Many variable valve gears of this type have a configuration in which a cam lobe that is rotatably fitted onto the outer circumferential surface of a camshaft (cam drive shaft) supported by a cylinder head is combined with a valve-open-period variable mechanism that varies the rotational velocity of the camshaft at predetermined cycles to transmit the rotation to the cam lobe, as disclosed in Japanese Patent Gazette (Laid pen No. 10-280925). A lot of valve-open-period variable mechanisms have an Oldham coupling structure in which a drive arm is fixed onto the outer circumferential surface of the camshaft at a position adjacent to the cam lobe; an eccentric shaft is fitted to the outer circumferential surface of the camshaft at a position adjacent to the drive arm to be eccentrically rotatable; and a harmonic ring (intermediate rotary member) is rotatably fitted to the outer circumferential surface of the eccentric shaft. More specifically, the valve-open-period variable mechanism employs a structure that drives the valve by transmitting the constant velocity rotation of the camshaft, which is outputted from the drive arm, to the harmonic ring by using an input-side transmission member, changing the constant velocity rotation into non-constant velocity rotation that is changed in velocity at a predetermined cycle, and transmitting the rotation from a boss, which is protruding from the outer circumference of the end of the cam lobe, to the cam lobe by using an output-side transmission member. To phase-shift the axial position of the eccentric shaft from that of the camshaft adjusts a delay or advance of a rotational phase of the cam love relative to a rotational angle of the camshaft, and varies the valve-open period.

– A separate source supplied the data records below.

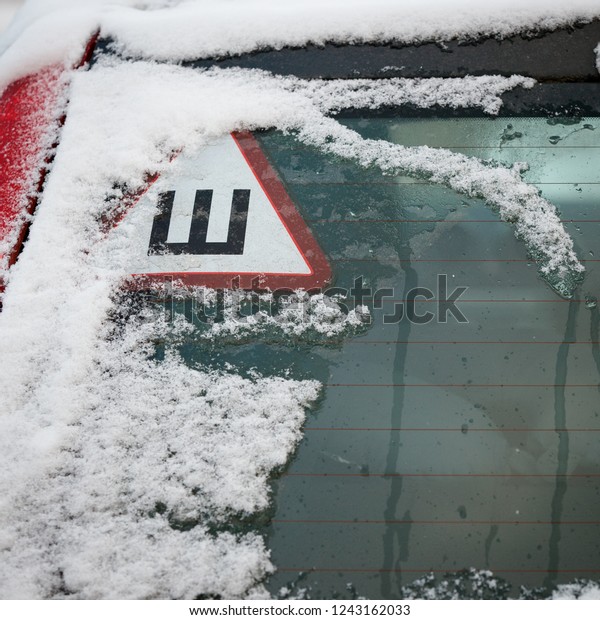 Car Sign studded tires on the rear window of\
the car. Safe movement on snowy\
roads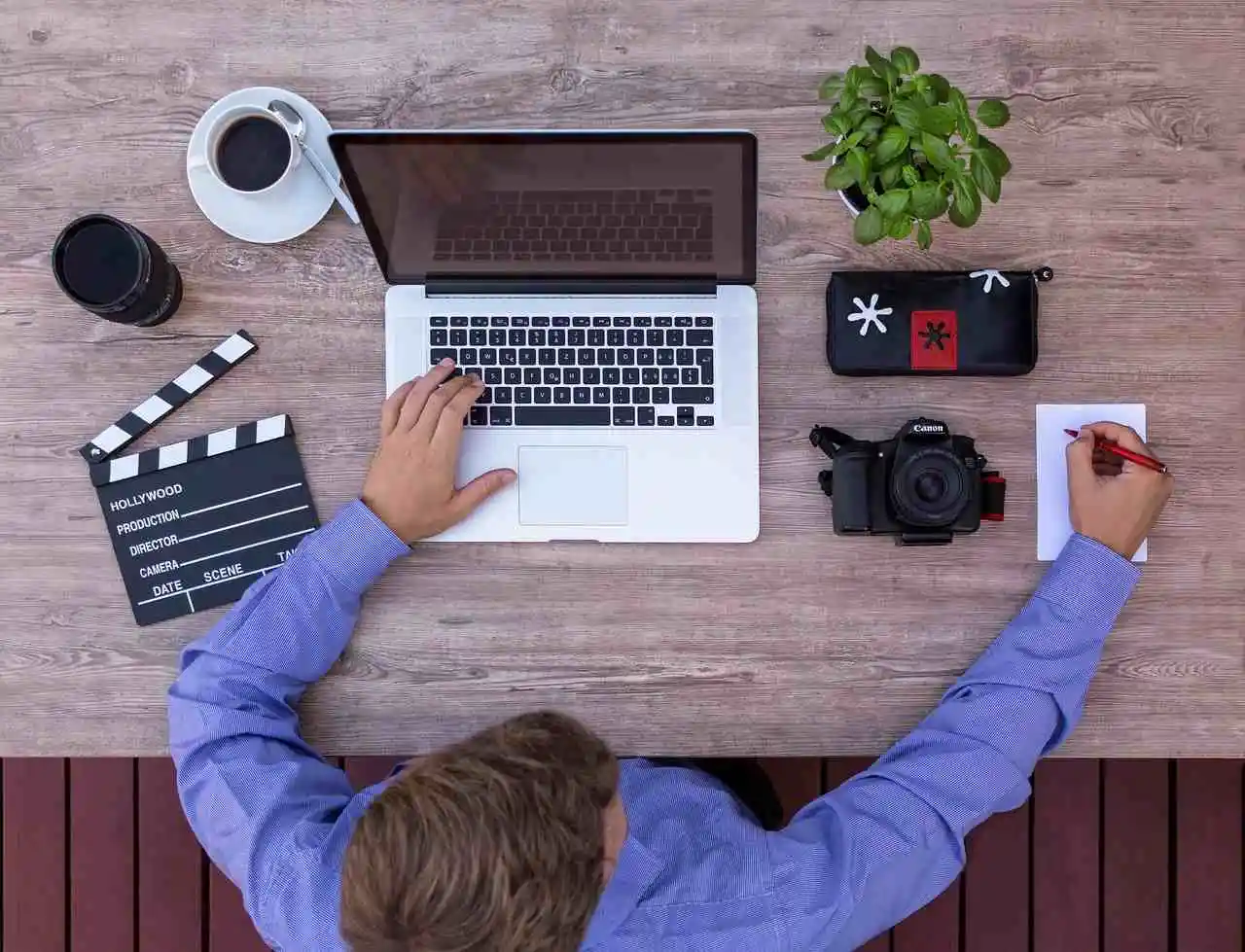 Screenwriter working on his laptop and taking hand written notes at the same time.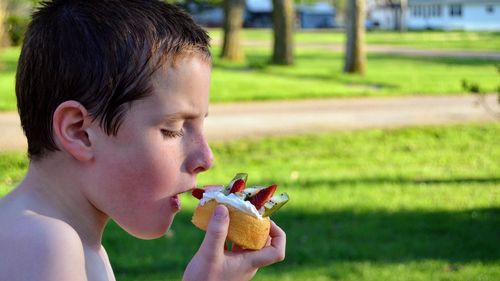 Side view of shirtless boy eating at park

In order to place the valve-open-period variable mechanism in a limited area between each adjacent cylinders of the cylinder head, the mechanism has a structure in which the boss protruding from the outer circumferential surface of the end of the cam lobe is disposed close to a lateral portion of the drive arm in parallel with the lateral portion to carry out the transmission of the rotation from the harmonic ring, and the harmonic ring is supported by the eccentric shaft having a little larger external diameter than the camshaft located in the inside of an input gear portion of the variable mechanism.
As disclosed in the Japanese Patent Gazette, the valve-open-period variable mechanism is provided with a bearing portion such as a needle bearing in between the outer circumferential surface of the eccentric shaft and the inner circumferential surface of the harmonic ring for the purpose of smooth rotation of the harmonic ring.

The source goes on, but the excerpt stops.